ABD İLE İLİŞKİLERDE FETÖ KONUSU
Kurtulmuş, ABD ile ilgili ikinci konunun ise Türkiye için bir güvenlik tehdidi olan Fetullahçı Terör Örgütü'ne (FETÖ) ilişkin gelişmeler olduğunu dile getirerek, sözlerini şöyle sürdürdü:
"Maalesef uzunca yıllardır Amerika Birleşik Devletleri'nde ikamet etmektedir. Türkiye'ye karşı, Türk halkına karşı düşmanca tavrı ortaya çıkmış olan bir terör örgütü liderinin Amerika'da barınıyor olması, barınması sadece orada oturması değil hala oradan kendi networkunu idare edebilecek bir imkana sahip olması Türkiye-Amerika ilişkilerini derinden, olumsuz etkileyen bir diğer faktördür. Yani Amerika şu tercihi yapacak bir tane terörist başı, onun elindekullandığı terör networku mu yoksa 79 milyon olgun bir demokrasiye sahip olan ve gerçekten ekonomik ve siyasi istikrar içerisinde yaşayan bir Türkiye mi? Ben böyle baktığımızda Amerikan yönetiminin Sayın Trump ve yeni yönetimin bu konuda bir değişikliğe gideceğini ve FETÖ konusunda da ya Feto'yu Türkiye'ye iade etmek ya da bu süre içerisinde göz altına alarak Türkiye'ye zarar vermesini önlemek yönünde bir karar alacağını görüyorum. Bu Amerika'nın menfaatleri bakımından da doğru olandır. Bu konuda da Amerika'nın içerisinde de böyle sesler çıkmaya başladı. Bu iki konu bizim önümüzdeki dönemde pratik olarak Türk-Amerikan ilişkilerini yeniden çok güçlü hale getirecek iki önemli değişikliktir. Bu değişikliklere de Amerikan yönetiminin gitmesi kendi menfaatleri icabıdır."

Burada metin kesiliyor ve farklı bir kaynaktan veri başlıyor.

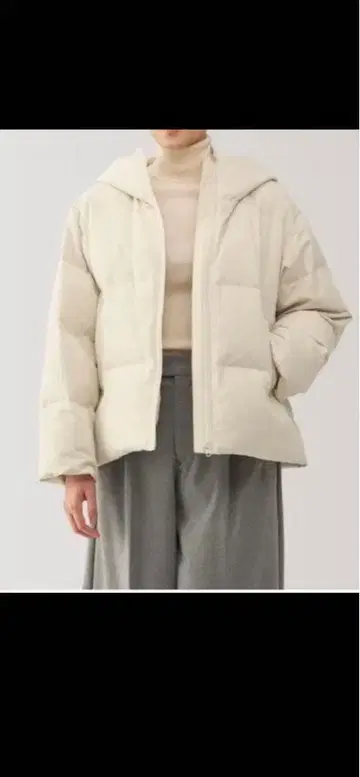 무인 다운 자켓 아이보리 L 사이즈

Barack Obama yönetiminin Astana'daki Suriye görüşmelerine PYD'nin de çağrılması gerektiğine ilişkin açıklamalarının hatırlatılması üzerine ise Kurtulmuş, şu ifadeleri kullandı:
"Çok net bir şekilde Türkiye bu konudaki tavrını ortaya koymuştur. Eğer Cenevre'de, Astana'da herhangi bir yerde bundan sonraki süreçte barış görüşmeleri olurken burada hiçbir terör örgütü olmamalıdır. Ne PYD, ne DEAŞ, ne Nusra, ne diğerleri, hiçbir terör örgütü masada tartışmanın tarafı olmamalıdır. Bir tarafta rejim, diğer tarafta da ılımlı muhalefet unsurları masanın başında olabilir. Türkiye bu konudaki tavrını net bir şekilde ortaya koymuştur. Zannediyorum gelmekte olan Amerikan yönetimi yani Trump yönetimi de bu konuda hassasiyetlerimize saygı duyacaktır. Bu sadece bizim hassasiyetimiz bakımından değil, müzakerelerin sağlıklı yürümesi bakımından da doğru olan bir yoldur ve terör örgütleri müzakere masasında olmayacaklardır."